Zynga HQ (Justin Sullivan / Getty Images)Over the past year, no tech company has had ups and downs quite like Zynga.
In the days leading up to its debut on Wall Street last December, the social game kingpin was heralded as The Next Big Thing, an unstoppable force in an evolving industry, with proponents pointing to the enduring draw of games like Farmville, Mafia Wars, and Words With Friends. Lately, though, the company's stock has taken a brutal beatdown and those proponents have changed their tune.
It's a pretty rapid reversal, but is it one Zynga can survive?
There's certainly cause for concern. Monthly average users (MAUs) of Zynga's Facebook games have fallen by about 25 million since March, a telling sign that players are looking for other experiences. The April purchase of Draw Something creator OMGPOP for a whopping $180 million raised plenty of questions about whether the company had overpaid, and when the game's popularity began to fade soon after the check cleared, it was chalked up as another bad move.
Then there's the stock. Since the beginning of March, Zynga shares have fallen more than 60 percent. They've rebounded slightly over the past week or so, but many investors are still skeptical, as are some industry observers.
R.W. Baird recently cut its earnings estimates for the company at the end of May, noting a possible decline in user engagement and some concerns about how Zynga planned to make money off of its customers.
"We view Zynga as still exposed to some app fatigue on Facebook as users seek to diversify their consumption of casual games," wrote Baird analyst Colin Sebastian.
Most analysts tend to think the company can turn things around, though, noting that the stock has been sold off for reasons that had little to do with the company itself. Facebook's fumbled IPO, for instance, took a toll on several companies with ties to the social media space, but few were impacted as severely as Zynga.
CityVilleEven as he lowered estimates, Sebastian called Zynga "an attractive, albeit speculative, investment opportunity."
Wedbush's Michael Pachter has been particularly optimistic about the company, saying the recent sell off was "misplaced and misguided."
A decline in MAUs is natural, he said, as people try a new gaming app, then move on. Those who stay, though, become more involved with the game -- and eventually, those are the players who begin to make in-app purchase, making them Zynga's most important customers.
"We think that the average spending user takes six to nine months before they begin to purchase Facebook credits and invest in each game, and believe that spending increases gradually over time, meaning that an individual game's MAUs may have long since peaked and begun a decline while revenues from that game may continue to grow," said Pachter.
Zynga, for its part, seems ready to fight back against the negative perceptions. The company recently launched Zynga Slots for iOS as well as a pair of Bejeweled-like "Match 3" games. Four months ago, Zynga signed a deal with Hasbro to create a variety of Farmville toys and merchandise. And after a bidding war among the networks, CBS recently won the rights to produce a prime time game show based on Draw Something that could begin airing by the start of the year.

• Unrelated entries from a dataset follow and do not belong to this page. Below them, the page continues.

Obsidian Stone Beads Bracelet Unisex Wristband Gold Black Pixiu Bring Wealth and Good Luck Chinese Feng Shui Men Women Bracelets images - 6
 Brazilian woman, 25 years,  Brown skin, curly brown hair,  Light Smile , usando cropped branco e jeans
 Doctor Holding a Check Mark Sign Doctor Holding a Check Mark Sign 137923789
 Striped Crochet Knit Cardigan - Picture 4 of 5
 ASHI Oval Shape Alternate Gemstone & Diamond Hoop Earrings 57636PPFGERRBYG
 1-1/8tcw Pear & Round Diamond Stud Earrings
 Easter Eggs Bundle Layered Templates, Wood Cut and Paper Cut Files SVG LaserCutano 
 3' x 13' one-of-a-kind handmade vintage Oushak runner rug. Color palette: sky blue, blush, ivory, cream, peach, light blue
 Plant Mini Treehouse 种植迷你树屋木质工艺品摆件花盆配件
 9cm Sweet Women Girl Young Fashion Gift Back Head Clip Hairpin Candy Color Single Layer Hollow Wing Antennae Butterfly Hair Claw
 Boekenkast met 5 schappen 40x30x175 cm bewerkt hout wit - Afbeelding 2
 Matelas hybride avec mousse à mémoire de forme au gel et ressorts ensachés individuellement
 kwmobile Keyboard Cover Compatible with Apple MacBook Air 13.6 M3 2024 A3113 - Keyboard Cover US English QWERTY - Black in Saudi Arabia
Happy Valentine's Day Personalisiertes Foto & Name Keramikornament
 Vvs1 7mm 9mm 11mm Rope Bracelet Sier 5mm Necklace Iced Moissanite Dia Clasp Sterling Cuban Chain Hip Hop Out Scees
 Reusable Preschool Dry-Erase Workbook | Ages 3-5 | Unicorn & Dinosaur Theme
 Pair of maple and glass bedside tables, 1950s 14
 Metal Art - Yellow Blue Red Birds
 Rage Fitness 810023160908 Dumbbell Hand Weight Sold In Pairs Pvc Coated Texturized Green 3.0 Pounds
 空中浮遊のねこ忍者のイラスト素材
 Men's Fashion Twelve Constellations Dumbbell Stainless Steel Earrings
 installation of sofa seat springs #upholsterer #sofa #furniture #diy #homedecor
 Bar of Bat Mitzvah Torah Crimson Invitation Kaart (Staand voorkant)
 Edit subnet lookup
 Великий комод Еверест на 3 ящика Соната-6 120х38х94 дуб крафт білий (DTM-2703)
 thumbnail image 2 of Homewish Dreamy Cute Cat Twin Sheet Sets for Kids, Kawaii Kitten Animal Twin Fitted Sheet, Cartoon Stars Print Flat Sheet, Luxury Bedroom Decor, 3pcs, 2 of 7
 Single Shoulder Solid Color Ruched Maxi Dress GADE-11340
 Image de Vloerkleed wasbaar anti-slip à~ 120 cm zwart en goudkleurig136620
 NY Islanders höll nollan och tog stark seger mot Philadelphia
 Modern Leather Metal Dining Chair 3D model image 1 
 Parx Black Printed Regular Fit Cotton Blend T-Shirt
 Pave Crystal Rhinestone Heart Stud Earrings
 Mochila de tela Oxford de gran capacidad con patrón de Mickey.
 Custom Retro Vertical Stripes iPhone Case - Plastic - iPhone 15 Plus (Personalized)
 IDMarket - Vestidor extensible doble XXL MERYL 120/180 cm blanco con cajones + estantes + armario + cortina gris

In the meantime, as doomsayers cry "the end is near," Zynga continues to dominate the Facebook top games charts and enjoys more engagement than its five closest social gaming competitors combined. Later this month, the company is hosting a media event at its campus, where it's expected to unveil its next big slate of games.
The big question, however, is whether or not those games will have what it takes to keep the company on top of the social ladder.